Tra questi anche il patriarca ecumenico di Costantinopoli Bartolomeo, che ha presenziato alla cerimonia di apertura nel Teatro Lyrik insieme al presidente Mattarella. Questa mattina il primate ortodosso ha ricevuto la Laurea “honoris causa” in Relazioni Internazionali, presso l’Università per Stranieri di Perugia; nel pomeriggio ha preso parte ad un panel che voleva celebrare i suoi 25 anni di ministero patriarcale.

“25 anni al servizio dei cristiani e del mondo” si intitolava l’evento; per Bartolomeo, invece, si è trattato solo di “una goccia d’acqua in un oceano di dolore umano e di sofferenza globale”. Perché, ha sottolineato, “il vescovo – sia egli un vescovo assistente, un metropolita, un arcivescovo, un patriarca, un patriarca ecumenico, o addirittura un Papa! – è anche, prima di tutto, un servitore della chiesa non solo un leader”.
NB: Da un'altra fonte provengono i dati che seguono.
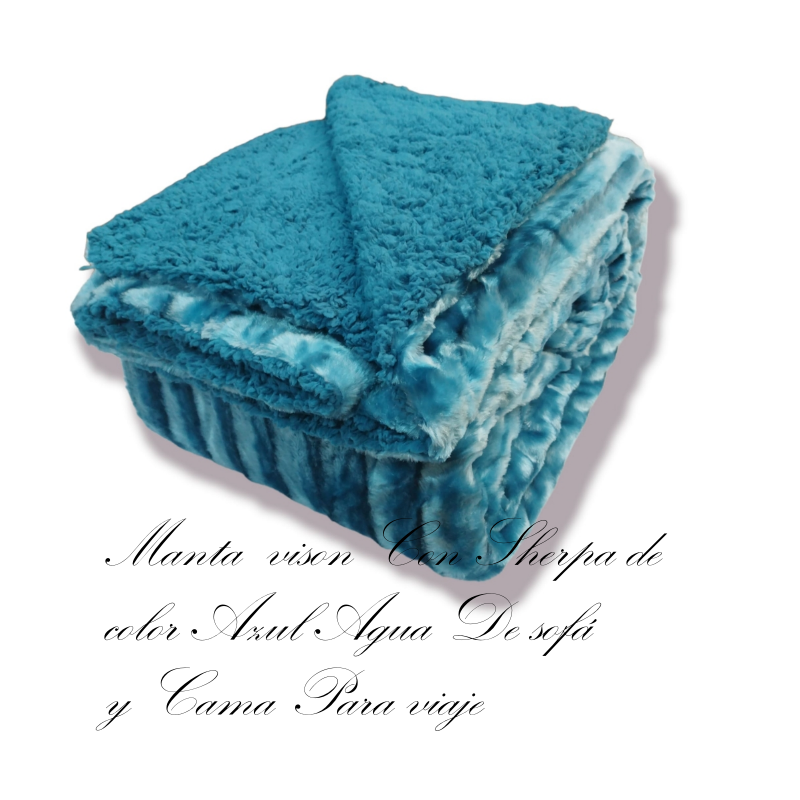 Manta de sofá de visón de pelo con sherpa De color para cama calentita y mimosa decorativa las mejores compañera viaje son decorativa mimosa en 3 Tamaños Color Azul agua.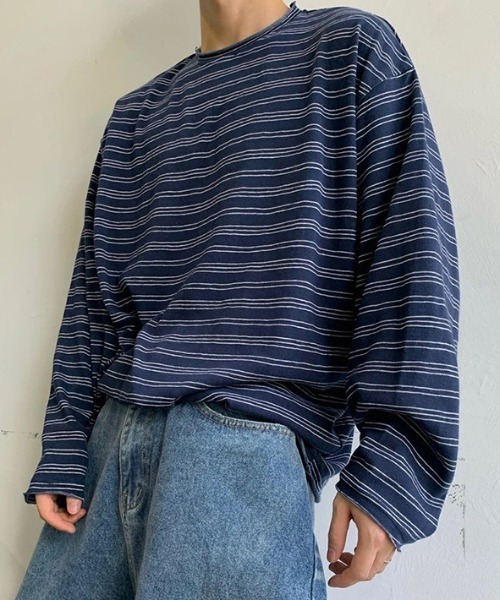 B.R.U(ブル)の「オーバーサイズリラックスボーダーカットソー(Tシャツ/カットソー・メンズ・グレー/ネイビー・LARGE/MEDIUM)」の3枚目の写真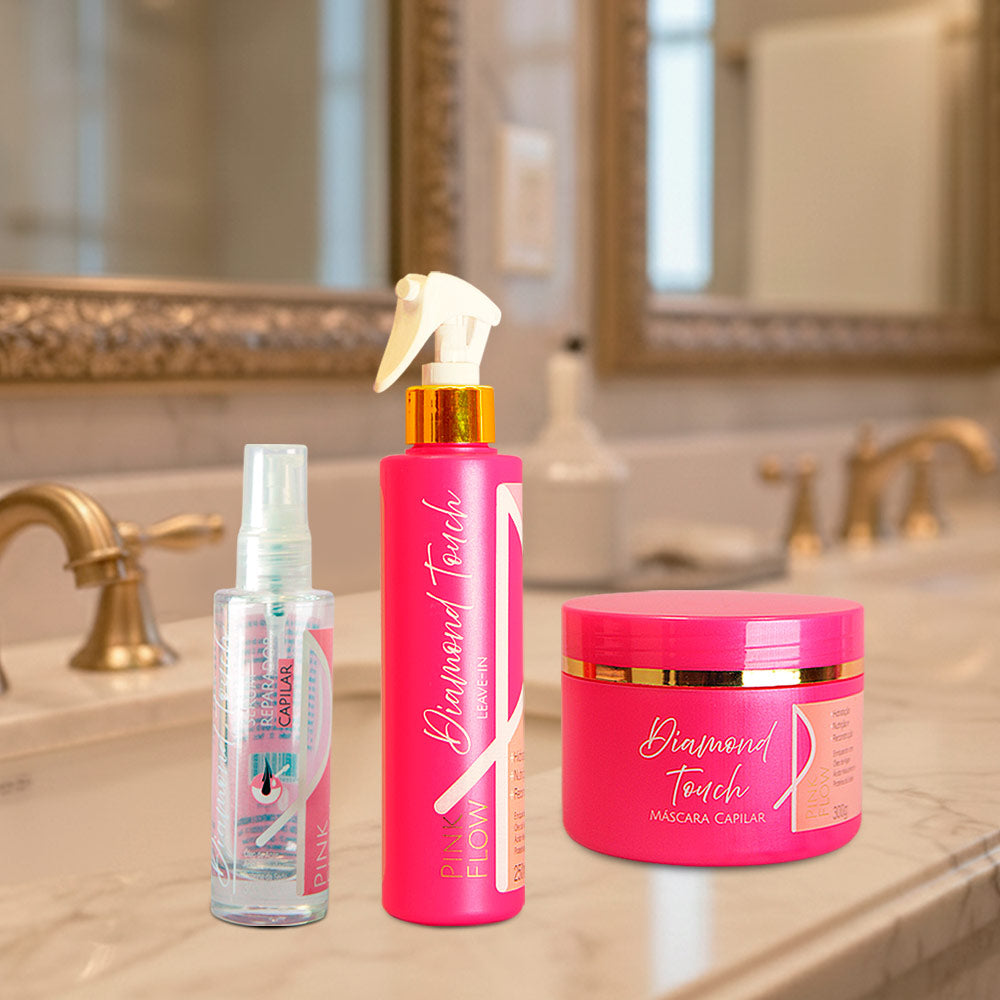 Kit Pink Flow Diamond Touch Máscara + Leave-in + Sérum Tratamento Completo e Brilho Intenso – foto 3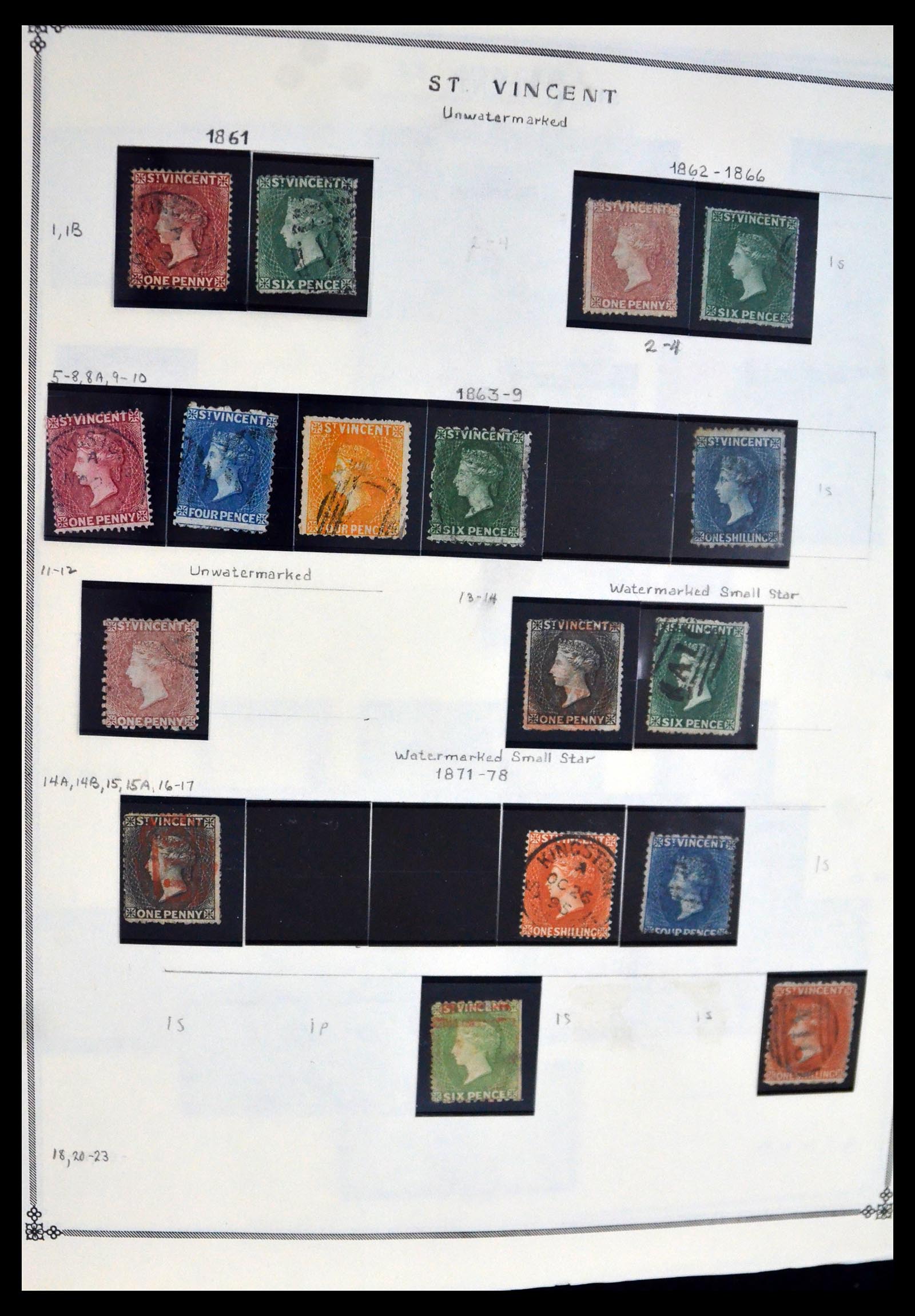 39752 0001 - Postzegelverzameling 39752 St. Vincent 1861-2003.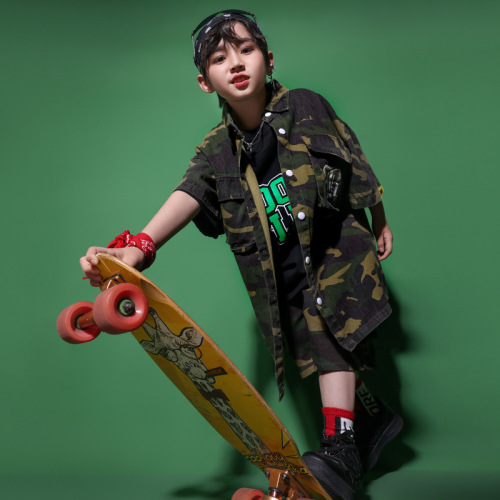 Girl's Jazz Dance Costume Cool Japanese Street Dance Performance Suit Set Children's Hip-Hop Hiphop Fashion Show Stage Trendy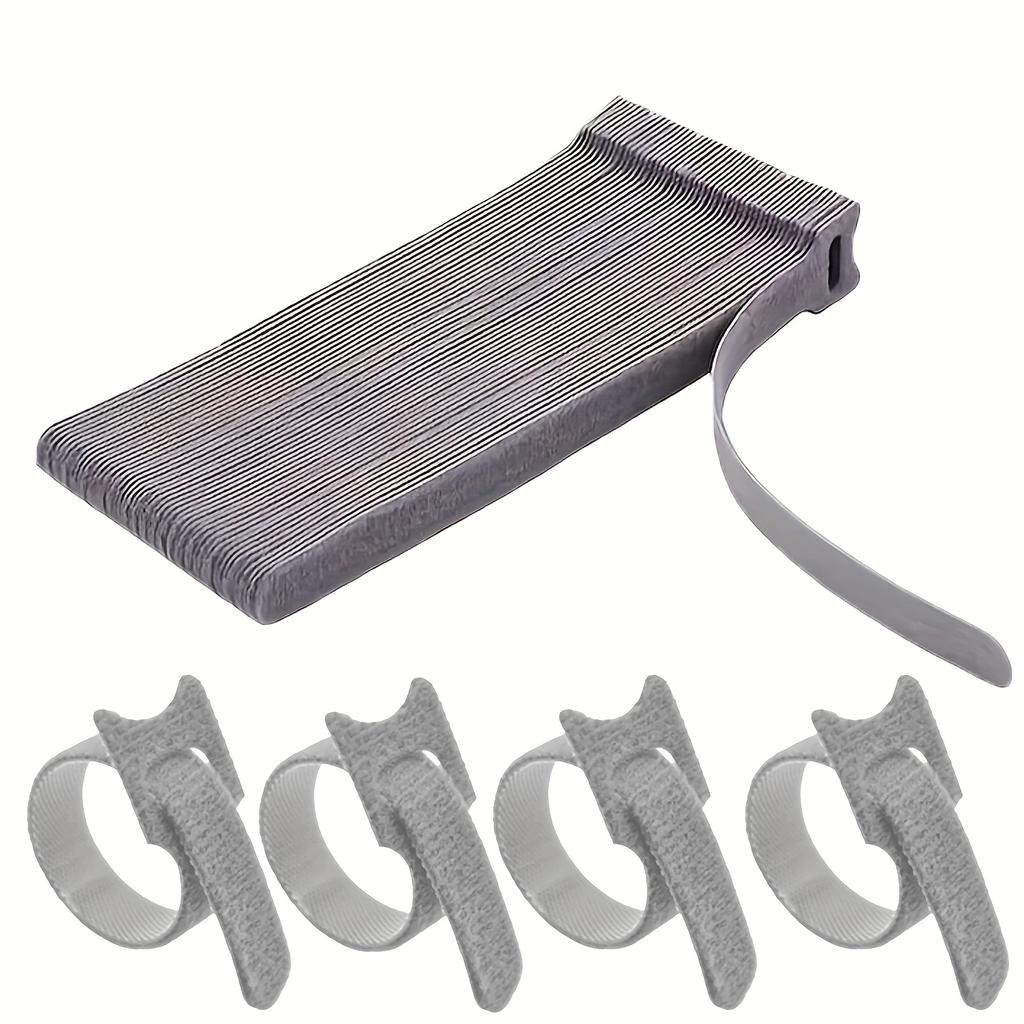 70 buc. Legături de cablu cu scai de culoare mixtă - Organizator de cabluri din material durabil pentru casă și birou, design vibrant în dungi, fixare sigură cu buclă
Infatti, ha proseguito Bartolomeo, “è solo nella misura in cui il vescovo è – al di là di ogni altra cosa – un vero e proprio servo, che può anche essere un leader ispiratore; è nella misura in cui rimane veramente un figlio devoto di Dio – senza fingere o pretendere di rivendicare l’autorità e il potere – che è anche in grado di essere un padre misericordioso della Chiesa. Siamo – tutti noi, non importa quale sia la nostra posizione – chiamati prima ad essere figli di Dio, e non governanti delle persone”.

Quasi un passaggio della Evangelii Gaudium di Papa Francesco. Anche questo un segnale di unità di missione e di visione ecclesiale.